Peregrine is an efficient, single-machine system for performing data mining tasks on large graphs. Some graph mining applications include:
- Finding frequent subgraphs
- Generating the motif/graphlet distribution
- Finding all occurrences of a subgraph
Peregrine is highly programmable, so you can easily develop your own graph mining applications using its novel, declarative, graph-pattern-centric API. To write a Peregrine program, you describe which graph patterns you are interested in mining, and what to do with each occurrence of those patterns. You provide the what and the runtime handles the how.
For full details, you can read our paper published in EuroSys 2020 or the longer version on arXiv. For a deeper look at optimizations under the hood, check out our article in the 2021 ACM Operating Systems Review.
For an in-depth summary, watch the video presentation:
TL;DR: compared to other state-of-the-art open-source graph mining systems, Peregrine:
- executes up to 700x faster
- consumes up to 100x less memory
- scales to 100x larger data sets
- on 8x fewer machines
- with a simpler, more expressive API
- Quick start
- Writing your own programs
- Data graphs
- Reproducing our EuroSys 2020 paper results
- Contributing
- Acknowledgements
- Resources
Peregrine has been tested on Ubuntu 18.04 and Arch Linux but should work on any POSIX-y OS. It requires C++20 support (GCC version >= 10.1). Additionally, the tests require UnitTest++.
Ubuntu 18.04 prerequisites:
sudo add-apt-repository ppa:ubuntu-toolchain-r/test
sudo apt-get update
sudo apt install g++-10 libunittest++-dev
To build Peregrine:
$ git clone https://github.com/pdclab/Peregrine.git
$ cd Peregrine
$ source tbb2020/bin/tbbvars.sh intel64
$ make -j CC=g++-10
$ bin/test
Several sample applications, query patterns, and a sample dataset are released with the code.
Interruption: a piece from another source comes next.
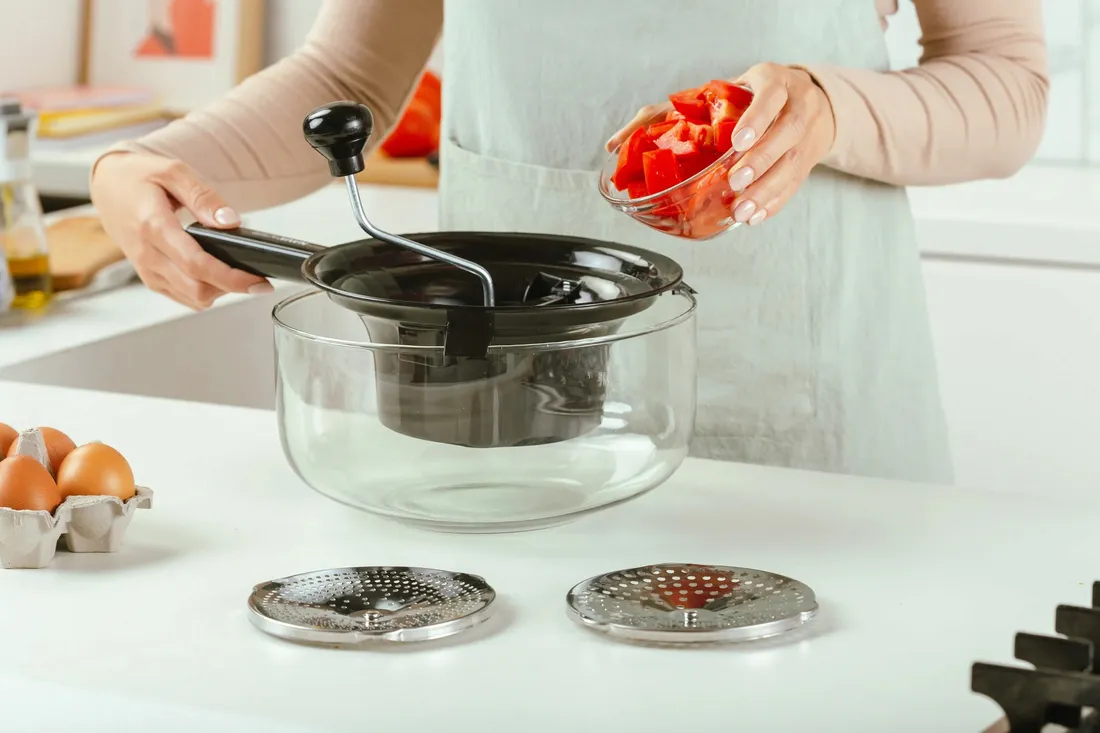 praska-do-pomidorow-nava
Calling any of the applications without arguments will show you what they expect:
$ bin/count
USAGE: bin/count <data graph> <pattern | #-motifs | #-clique> [# threads]
These applications print their results in <pattern>: <aggregation value> format.
For example, motif-counting:
$ bin/count data/citeseer 3-motifs 8
Counting 3-motifs
Finished reading datagraph: |V| = 3264 |E| = 4536
[...]
All patterns finished after 0.030265s
[2-3][1-3]: 23380
[1-2][1-3][2-3]: 1166
The string [2-3][1-3] encodes the pattern consisting of edges (1, 3), (2, 3), and 23380 is the number of unique occurrences Peregrine found in the citeseer graph.
Other applications give similar output:
$ bin/count data/citeseer 4-clique 8
[...]
All patterns finished after 0.030265s
[3-4][1-2][1-3][1-4][2-3][2-4]: 255
$
$ bin/count data/citeseer query/p1.graph 8
[...]
All patterns finished after 0.003368s
[3-4][1-2][1-3][1-4][2-3]: 3730
FSM provides support values instead of counts:
$ bin/fsm data/citeseer 3 300 8 # size 3 FSM with support 300
[...]
Frequent patterns:
[1,0-2,0][1,0-3,0][2,0-4,0]: 303
[1,1-2,1][1,1-3,1][2,1-4,1]: 335
Finished in 0.078629s
The sample FSM app performs edge-induced FSM by default. For vertex-induced FSM, simply call it as
$ bin/fsm data/citeseer 3 300 8 v # vertex-induced
The existence-query application simply states whether the desired pattern exists or not:
$ bin/existence-query data/citeseer 14-clique 8
[...]
All patterns finished after 0.005509s
[pattern omitted due to length] doesn't exist in data/citeseer
The output application stores matches grouped by pattern in either CSV or packed binary format:
$ bin/output data/citeseer 3-motifs results bin 8
[...]
all patterns finished after 0.002905s
[1-3](1~2)[2-3]: 23380 matches stored in "results/[1-3](1~2)[2-3]"
[1-2][1-3][2-3]: 1166 matches stored in "results/[1-2][1-3][2-3]"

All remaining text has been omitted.